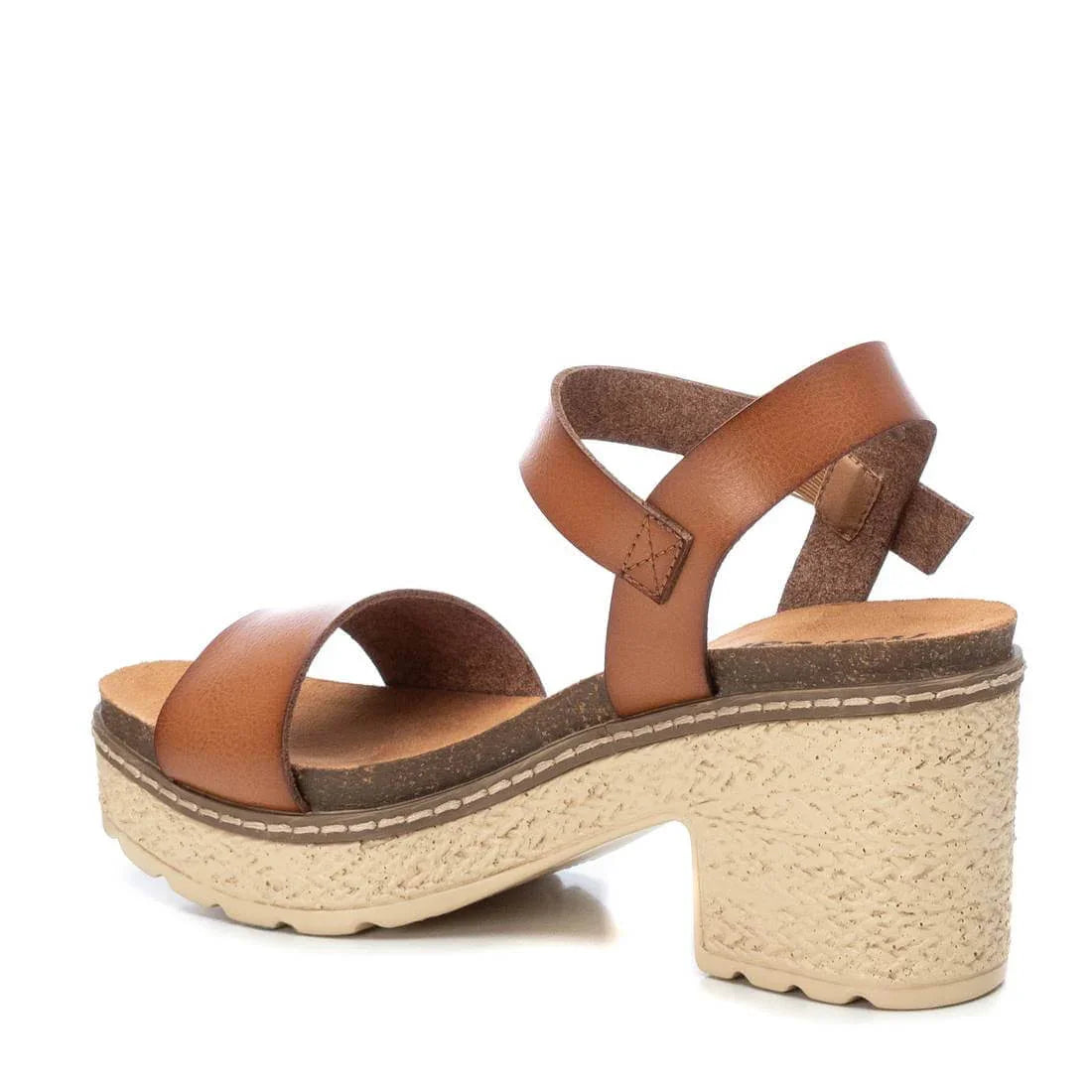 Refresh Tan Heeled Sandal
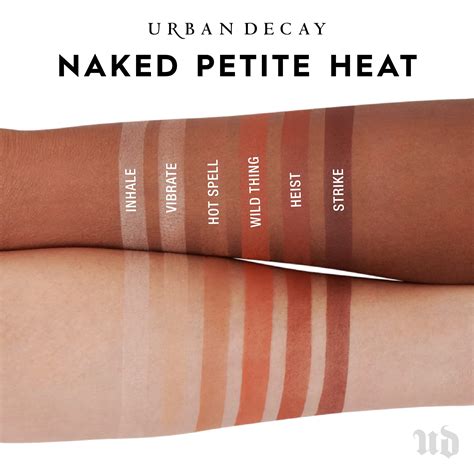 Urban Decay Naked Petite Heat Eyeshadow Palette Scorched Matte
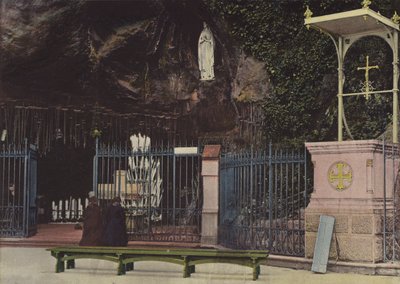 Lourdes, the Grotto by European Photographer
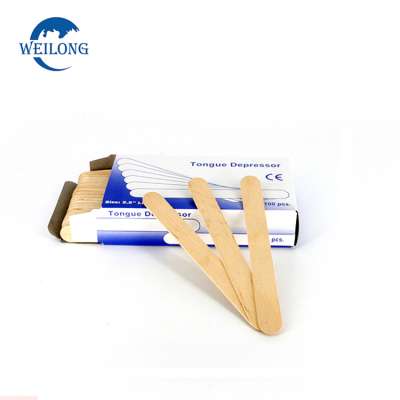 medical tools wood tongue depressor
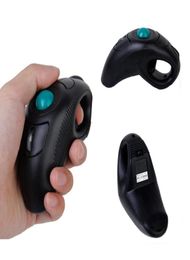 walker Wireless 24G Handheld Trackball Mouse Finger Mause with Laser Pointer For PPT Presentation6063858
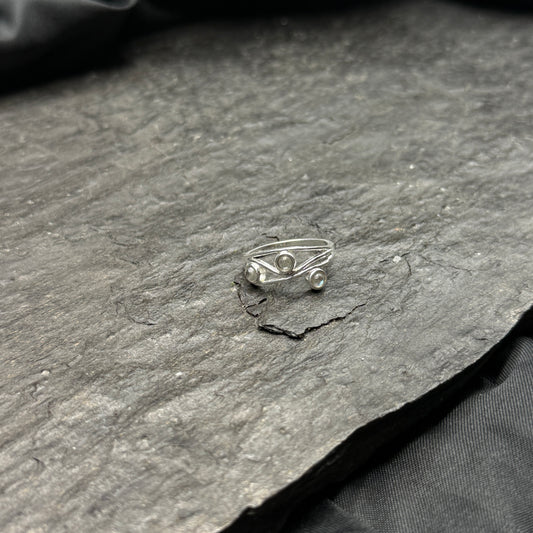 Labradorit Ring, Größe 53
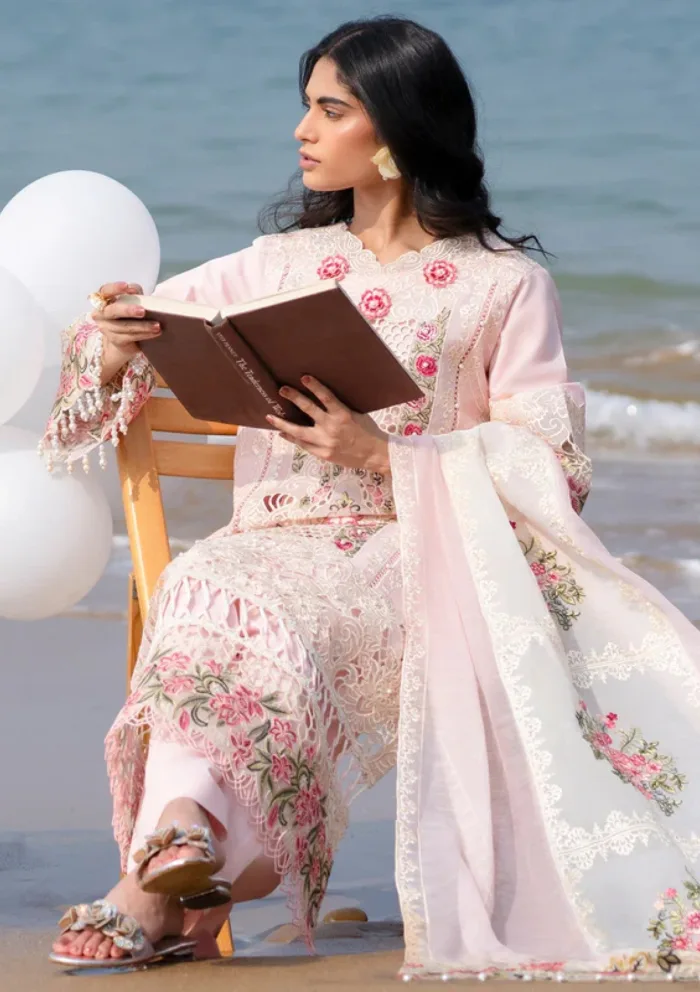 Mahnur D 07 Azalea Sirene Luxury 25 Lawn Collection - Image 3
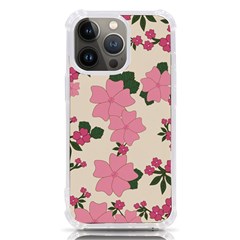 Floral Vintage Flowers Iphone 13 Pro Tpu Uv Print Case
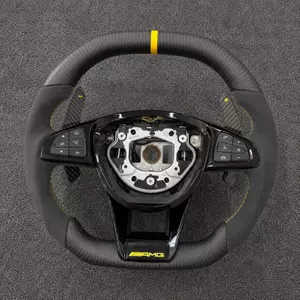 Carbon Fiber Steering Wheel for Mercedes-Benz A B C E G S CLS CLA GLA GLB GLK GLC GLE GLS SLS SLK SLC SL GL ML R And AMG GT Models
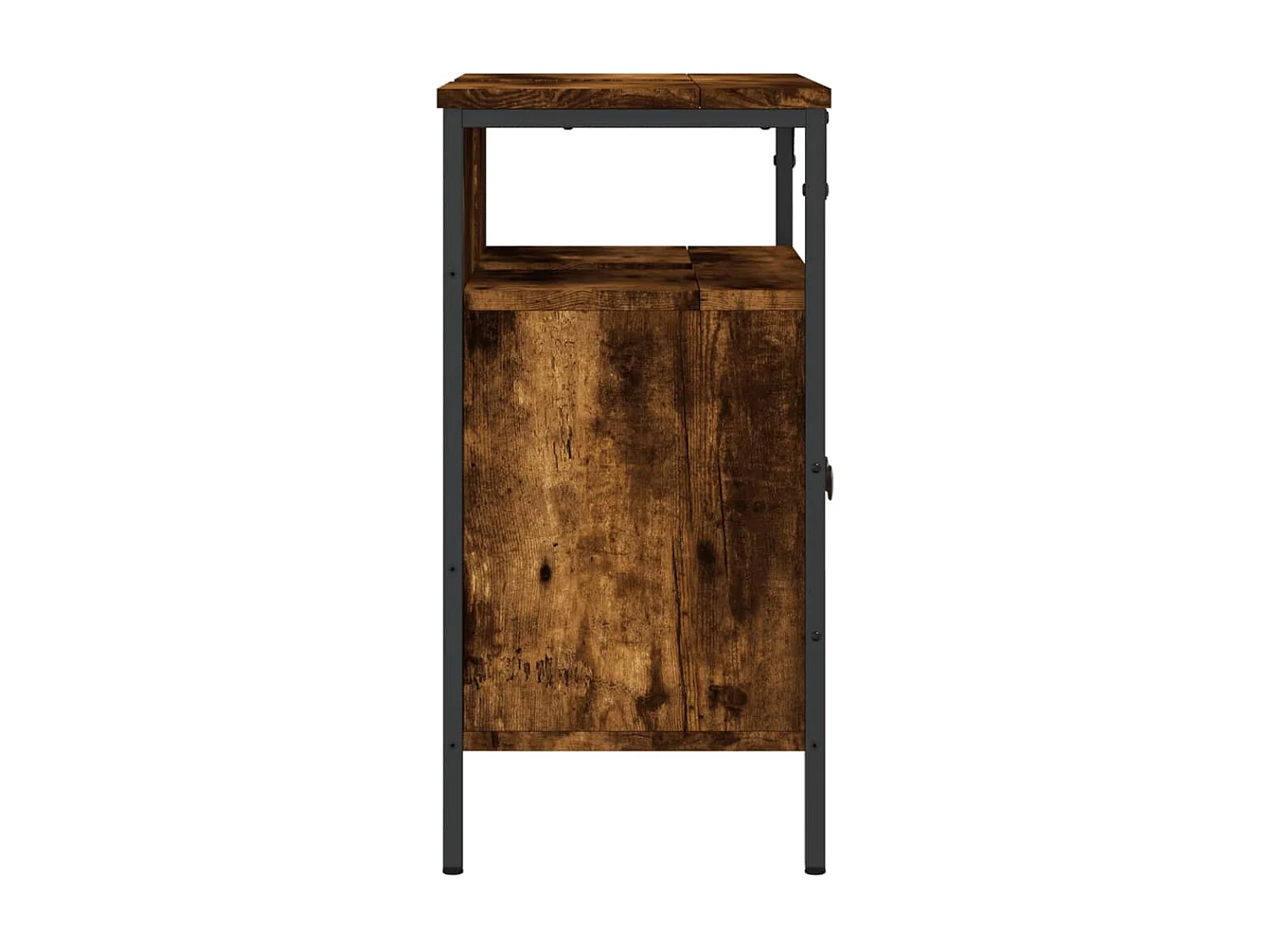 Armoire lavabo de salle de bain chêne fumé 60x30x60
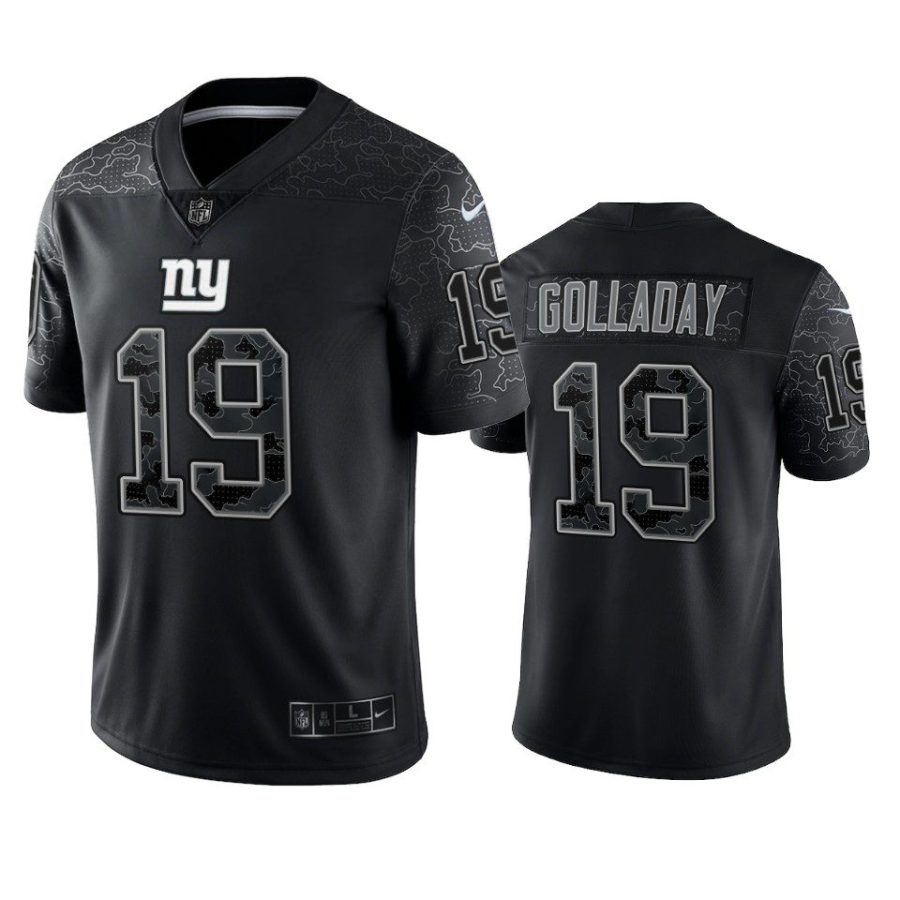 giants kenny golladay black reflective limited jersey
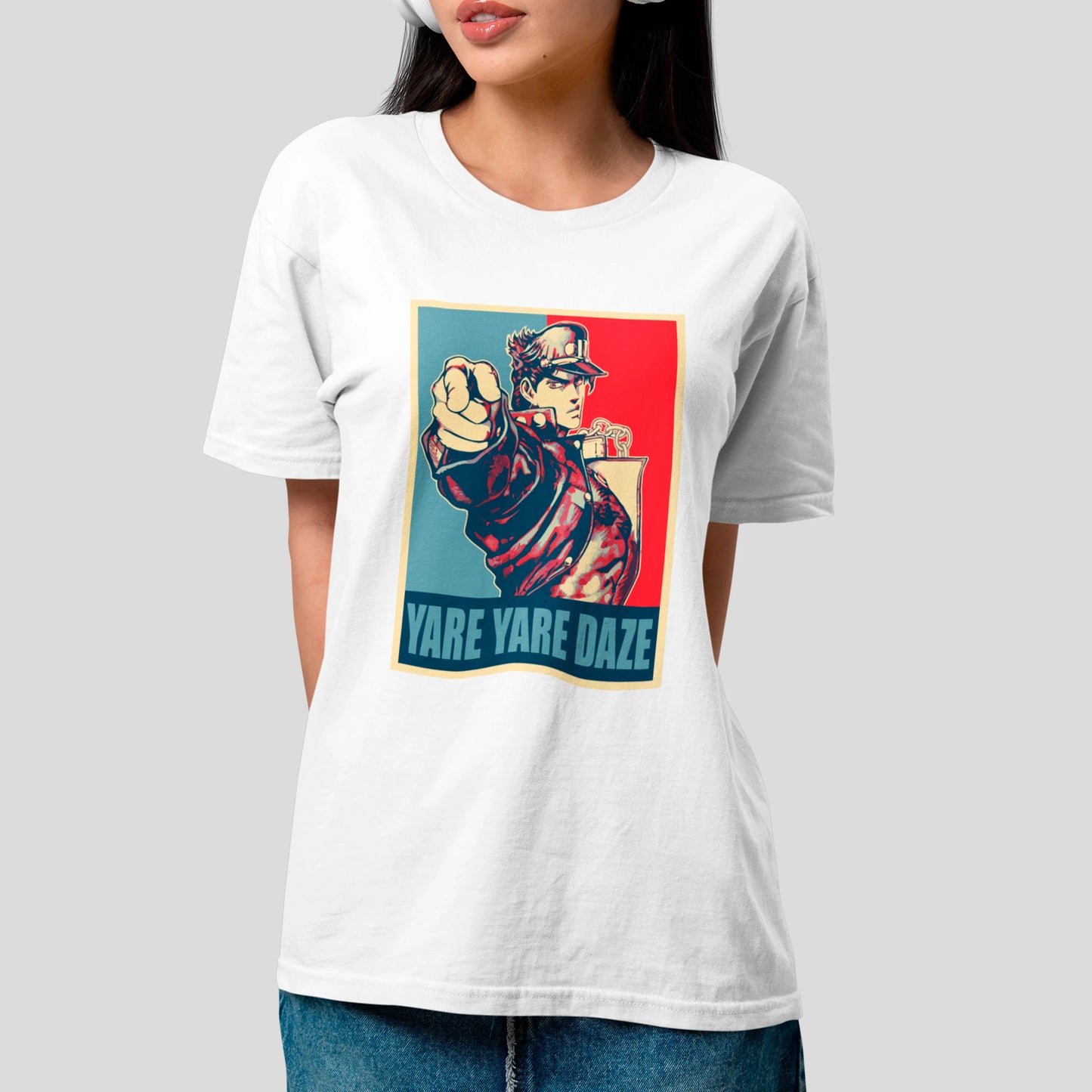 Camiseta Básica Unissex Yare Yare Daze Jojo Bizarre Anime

........

Only the lines between the one containing "Carbon Fiber Steering" and the last line of the listing above, both included, should be written out, exactly and without pictures.

Answer to the exercise -
 Carbon Fiber Steering Wheel for Mercedes-Benz A B C E G S CLS CLA GLA GLB GLK GLC GLE GLS SLS SLK SLC SL GL ML R And AMG GT Models
 Armoire lavabo de salle de bain chêne fumé 60x30x60
 giants kenny golladay black reflective limited jersey
 Camiseta Básica Unissex Yare Yare Daze Jojo Bizarre Anime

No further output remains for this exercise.